Qu'est-ce qui est 'country' et qu'est-ce qui est 'western' ? Si au Québec on prend plaisir à brouiller les pistes en appelant la chanson country chantée en français 'western', la distinction est ailleurs beaucoup plus manifeste. Le terme 'western' désigne un genre littéraire ou cinématographique alors que la country est un genre musical. Selon deux éminents anthropologues, auteurs d'un excellent ouvrage historique sur l'univers du western (1) cette culture est apparue au Québec dans les années 40 et découle directement de la musique traditionnelle franco-canadienne qui partage avec la country bien plus qu'une simple filiation. Dès le début de la colonisation, les premiers colons-aventuriers ont exorcisé et exprimé leurs peurs et leurs rêves à travers la musique et des textes qui, aujourd'hui encore, font les beaux jours de la country en anglais, comme en français. Le chagrin, l'amour, la patrie, l'injustice, la famille, l'amitié sont autant de thèmes simples mais efficaces qu'elle véhicule comme une critique sociale qui n'est pas sans rappeler, dans un autre style, le discours du rap.
La musique country est née dans le Tennessee, très loin du Old West où l'image des cow-boys s'est forgée au fil des ans et des interprétations. Ils furent tour à tour hommes de main pour guider d'immenses troupeaux à travers les prairies, bandits ou chevaliers des cœurs. Leur règne ne durera qu'une trentaine d'année avant de devenir un mythe. Mais si le développement du rail, l'éclatement de la Seconde guerre mondiale puis la conquête spatiale ont remisé au musée ces garçons de vache, la musique country est restée pour témoigner de leur esprit libre. Elle est certes beaucoup plus présente aux États-Unis et au Canada anglophone mais il ne faut pas néanmoins en banaliser l'impact et l'importance au Québec.
A cheval et en musique
Willie Lamothe est pour toujours, le roi des cow-boys québécois. Auteur et compositeur de quelques cinq cents compositions originales, trois cents versions de succès américains, ce petit homme né à Saint-Hugues à endisquer cent seize albums en 30 ans. Dès 1946, il remporte un succès sans précédent auprès des Québécois et des Franco-américains avec Je suis un cow-boy canadien et le fameux Je chante à cheval. Son triomphe est tel qu'en 1982, il reçoit un Disque d'or pour la vente de plus d'un million de disques... aux États-Unis. Son succès restera le plus flamboyant de l'industrie country québécoise et ce, malgré le mépris des radios nationales ou privées qui jugent cette musique primaire et ses artistes comme Bobby Achey, La famille Daraiche, Renée Martel, Edith Butler, Jeff Smallwood, Denis Champoux, peu représentatifs du vrai Québec.
En 2002, les choses n'ont guère changé.
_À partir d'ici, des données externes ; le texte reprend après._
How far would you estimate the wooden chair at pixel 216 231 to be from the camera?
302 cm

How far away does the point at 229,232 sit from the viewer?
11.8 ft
On ne se désigne pas encore naturellement chanteur country de peur d'être traité de has been. Les bars, les festivals restent donc les lieux de prédilections pour faire son coming out de cow-boy puisque les grandes salles de concert ne souhaitent pas mélanger les genres. Qu'importe puisque la country vend et vend beaucoup. La preuve incontestable de sa bonne santé reste le Festival Western de St-Tite (2) qui attire chaque année près de 500.000 visiteurs venus voir artistes, rodéos, mariages western et concours de danses en ligne. Autre signe clair du renouveau de ce genre, de jeunes artistes arrivent pour remplacer la vieille garde et insuffler un son nouveau. Comme aux États-Unis, la musique des cow-boys d'ici se fait plus trash et plus rock et la critique sociale plus virulente.
Une musique engagée
Les Cow-boys Fringants (3) sont sans aucun doute avec Les Ours, ceux qui incarnent le mieux ce renouveau. "Dans ce royaume de la poutine, on s'complaît dans' médiocrité/Ben satisfaits de notre routine et du bonheur préfabriqué", le texte de En berne se veut le portrait d'un peuple amorphe et désabusé par l'absence de projet de société. Les textes sont engagés et la musique festive à l'image d'un Québec qui veux encore croire à la fête malgré l'écœurement du statu quo ambiant.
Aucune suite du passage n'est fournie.